SOURCE MATERIAL:
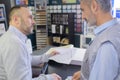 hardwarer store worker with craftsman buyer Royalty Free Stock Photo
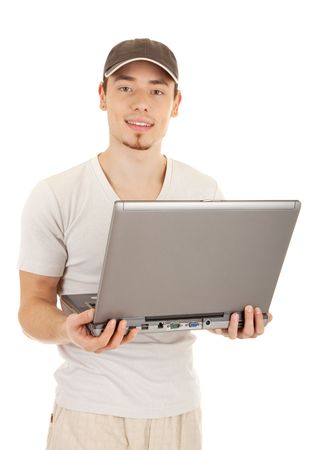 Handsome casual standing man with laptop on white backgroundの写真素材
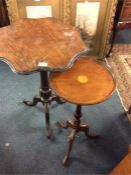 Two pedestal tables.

...

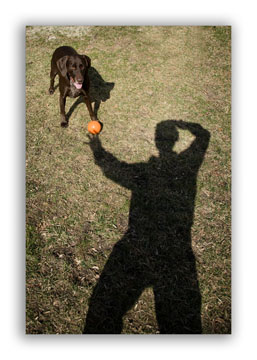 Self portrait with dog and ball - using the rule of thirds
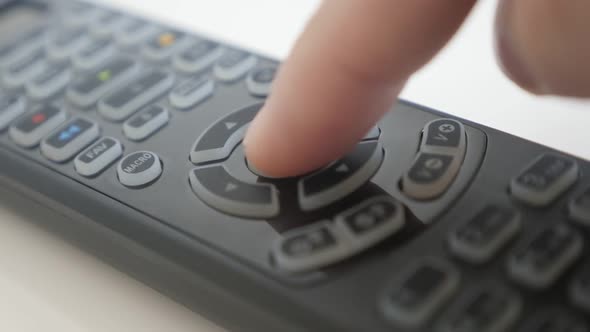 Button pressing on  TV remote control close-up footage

PROBLEM TO WORK ON:
Copy the entries above exactly, but only the stretch from the line containing "hardwarer store worker" through the line containing "Two pedestal tables.". Keep both end lines; drop the pictures.

YOUR SOLUTION:
 hardwarer store worker with craftsman buyer Royalty Free Stock Photo
 Handsome casual standing man with laptop on white backgroundの写真素材
 Two pedestal tables.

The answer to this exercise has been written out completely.